The who, what, when, and where

The CUE studies were a series of 10 studies conducted over 20 years, from 1998 to 2018. The idea came from Rolf Molich, who is the owner of a design consultancy in Denmark. Trained as a software developer and having worked in the user experience field since 1984, Rolf has won many awards and also co-invented the heuristic evaluation method with Jakob Nielsen.

In each of the first six studies, multiple teams were given a scenario and objectives for the same website and then told to evaluate the site using their company’s standard methods. Each team provided their results anonymously, and then all participants from each team met for a one-day workshop to discuss the similarities and differences in the combined findings.

Participants were not paid for their time and came from the US and Europe. After the first six studies, the researchers started to home in on more specific questions:

Some top findings

1. The number of issues found was very large

One consistent finding was that in an average modern website, the evaluators found a huge number of usability issues. For example, CUE-2 found 310 issues with Hotmail, while CUE-4 found 340 issues with a hotel website. What’s more, the overlap between findings was fairly low.

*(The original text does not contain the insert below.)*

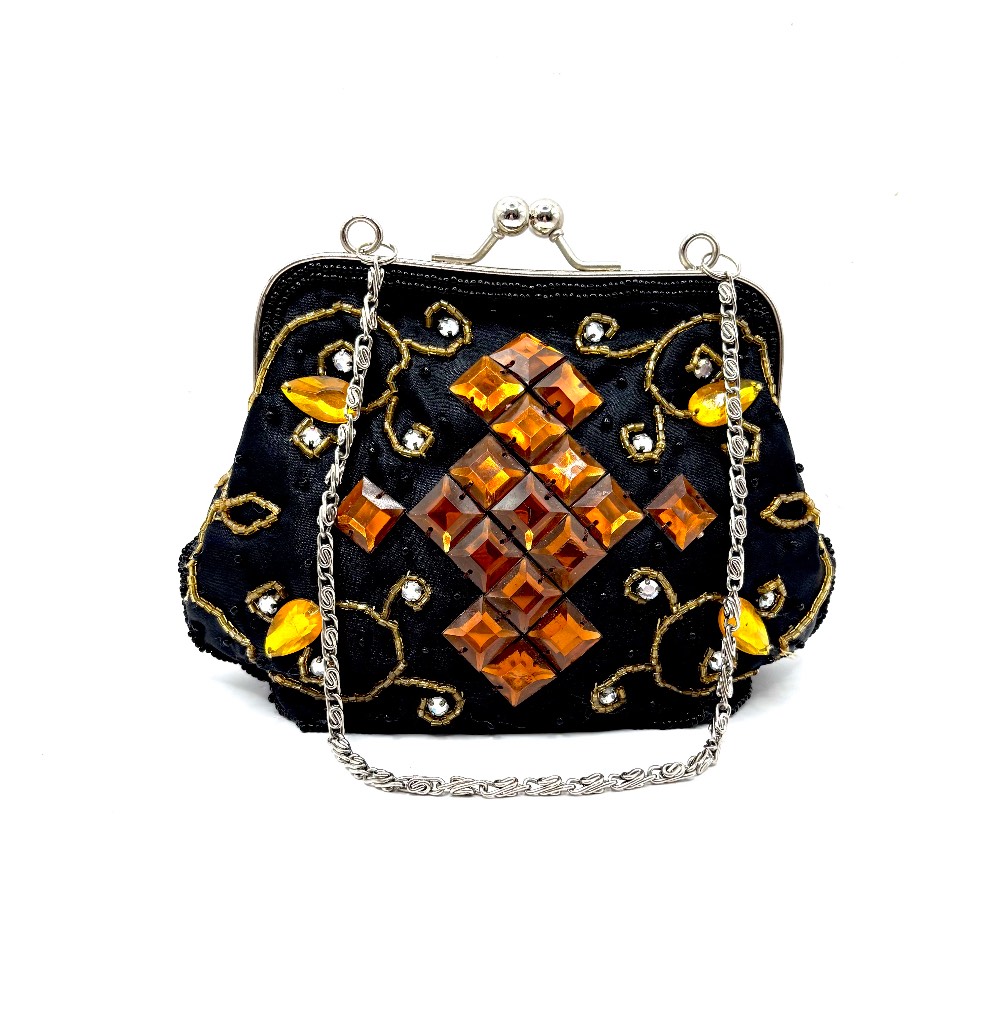 1990’s/2000’s Vintage Beaded Amber Gemstone Evening Clutch Bag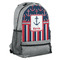 Nautical Anchors & Stripes Large Backpack - Gray - Angled View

In CUE-2, 75% of the issues were found by only 1 of 9 teams, and only 4% were found by 40% of the participating teams. In CUE-9, where the focus was more on the evaluator effect, they used tighter controls on methodology, having researchers review video sessions of five usability tests. Even still, just 10% of all issues were found by 40% or more of the teams.

Jeff Sauro and others have theorized that some of the lack of overlap could be accounted for by the non- control over tasks and methods, which was purposeful by the CUE study designers to capture the range of approaches across teams. Therefore, Sauro reviewed six studies that had more control and found that using the “any-2 agreement” measure, which is the percent of problems any two combinations of evaluators find in common divided by the total problems those two evaluators find, agreement rates were 59% as compared to 17% for uncontrolled studies.

What should we conclude from this? I don’t find this to be a huge cause for concern, but rather a reflection of the scope of the research. It seems that each study focused on an entire website/product and the teams were allowed to determine their own tasks in many cases, so it’s not surprising that different evaluators found unique problems. Sauro’s analysis shows that when you add more controls, you find more agreement.

Moreover, every researcher has special experiences and backgrounds that allow them to discover certain problems more easily than others. For example, those well-trained in accessibility will notice those types of issues, while those with a strong background in semantic code might notice heading hierarchy issues more often.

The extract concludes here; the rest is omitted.